[Brief descriptive captions]
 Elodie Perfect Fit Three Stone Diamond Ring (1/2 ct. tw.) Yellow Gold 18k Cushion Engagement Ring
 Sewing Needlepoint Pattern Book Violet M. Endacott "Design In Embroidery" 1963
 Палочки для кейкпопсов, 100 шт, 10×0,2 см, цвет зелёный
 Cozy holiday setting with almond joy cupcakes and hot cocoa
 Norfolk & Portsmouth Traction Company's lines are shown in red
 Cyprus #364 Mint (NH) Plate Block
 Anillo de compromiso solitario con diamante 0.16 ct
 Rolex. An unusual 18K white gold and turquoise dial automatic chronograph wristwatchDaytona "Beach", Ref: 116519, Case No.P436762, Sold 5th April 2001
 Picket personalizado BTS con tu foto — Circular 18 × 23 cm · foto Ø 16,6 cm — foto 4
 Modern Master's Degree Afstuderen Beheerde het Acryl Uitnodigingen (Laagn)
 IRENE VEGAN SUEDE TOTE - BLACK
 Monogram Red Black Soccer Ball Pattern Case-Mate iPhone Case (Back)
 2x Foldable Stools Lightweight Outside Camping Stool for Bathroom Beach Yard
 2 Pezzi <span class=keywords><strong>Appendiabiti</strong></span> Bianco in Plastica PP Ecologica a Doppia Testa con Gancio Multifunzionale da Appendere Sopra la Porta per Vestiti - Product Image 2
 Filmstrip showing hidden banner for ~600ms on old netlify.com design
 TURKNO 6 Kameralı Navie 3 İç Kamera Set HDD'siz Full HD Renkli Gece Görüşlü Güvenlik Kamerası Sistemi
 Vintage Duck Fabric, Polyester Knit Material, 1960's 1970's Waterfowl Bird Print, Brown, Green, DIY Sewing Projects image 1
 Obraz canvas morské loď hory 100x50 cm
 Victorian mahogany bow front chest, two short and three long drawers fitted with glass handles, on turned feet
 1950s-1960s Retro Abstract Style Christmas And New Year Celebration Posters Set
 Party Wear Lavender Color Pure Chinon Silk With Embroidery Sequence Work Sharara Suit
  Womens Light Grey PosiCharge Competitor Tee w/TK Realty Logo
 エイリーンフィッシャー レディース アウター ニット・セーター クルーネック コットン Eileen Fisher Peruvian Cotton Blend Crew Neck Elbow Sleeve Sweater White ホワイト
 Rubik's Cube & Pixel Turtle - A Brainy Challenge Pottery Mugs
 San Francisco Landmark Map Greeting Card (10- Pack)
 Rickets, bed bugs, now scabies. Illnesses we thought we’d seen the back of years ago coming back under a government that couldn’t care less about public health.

* _Work request_:
Give the data again, exactly as it stands.

* _Solution to this task_:
 Elodie Perfect Fit Three Stone Diamond Ring (1/2 ct. tw.) Yellow Gold 18k Cushion Engagement Ring
 Sewing Needlepoint Pattern Book Violet M. Endacott "Design In Embroidery" 1963
 Палочки для кейкпопсов, 100 шт, 10×0,2 см, цвет зелёный
 Cozy holiday setting with almond joy cupcakes and hot cocoa
 Norfolk & Portsmouth Traction Company's lines are shown in red
 Cyprus #364 Mint (NH) Plate Block
 Anillo de compromiso solitario con diamante 0.16 ct
 Rolex. An unusual 18K white gold and turquoise dial automatic chronograph wristwatchDaytona "Beach", Ref: 116519, Case No.P436762, Sold 5th April 2001
 Picket personalizado BTS con tu foto — Circular 18 × 23 cm · foto Ø 16,6 cm — foto 4
 Modern Master's Degree Afstuderen Beheerde het Acryl Uitnodigingen (Laagn)
 IRENE VEGAN SUEDE TOTE - BLACK
 Monogram Red Black Soccer Ball Pattern Case-Mate iPhone Case (Back)
 2x Foldable Stools Lightweight Outside Camping Stool for Bathroom Beach Yard
 2 Pezzi <span class=keywords><strong>Appendiabiti</strong></span> Bianco in Plastica PP Ecologica a Doppia Testa con Gancio Multifunzionale da Appendere Sopra la Porta per Vestiti - Product Image 2
 Filmstrip showing hidden banner for ~600ms on old netlify.com design
 TURKNO 6 Kameralı Navie 3 İç Kamera Set HDD'siz Full HD Renkli Gece Görüşlü Güvenlik Kamerası Sistemi
 Vintage Duck Fabric, Polyester Knit Material, 1960's 1970's Waterfowl Bird Print, Brown, Green, DIY Sewing Projects image 1
 Obraz canvas morské loď hory 100x50 cm
 Victorian mahogany bow front chest, two short and three long drawers fitted with glass handles, on turned feet
 1950s-1960s Retro Abstract Style Christmas And New Year Celebration Posters Set
 Party Wear Lavender Color Pure Chinon Silk With Embroidery Sequence Work Sharara Suit
  Womens Light Grey PosiCharge Competitor Tee w/TK Realty Logo
 エイリーンフィッシャー レディース アウター ニット・セーター クルーネック コットン Eileen Fisher Peruvian Cotton Blend Crew Neck Elbow Sleeve Sweater White ホワイト
 Rubik's Cube & Pixel Turtle - A Brainy Challenge Pottery Mugs
 San Francisco Landmark Map Greeting Card (10- Pack)
 Rickets, bed bugs, now scabies. Illnesses we thought we’d seen the back of years ago coming back under a government that couldn’t care less about public health.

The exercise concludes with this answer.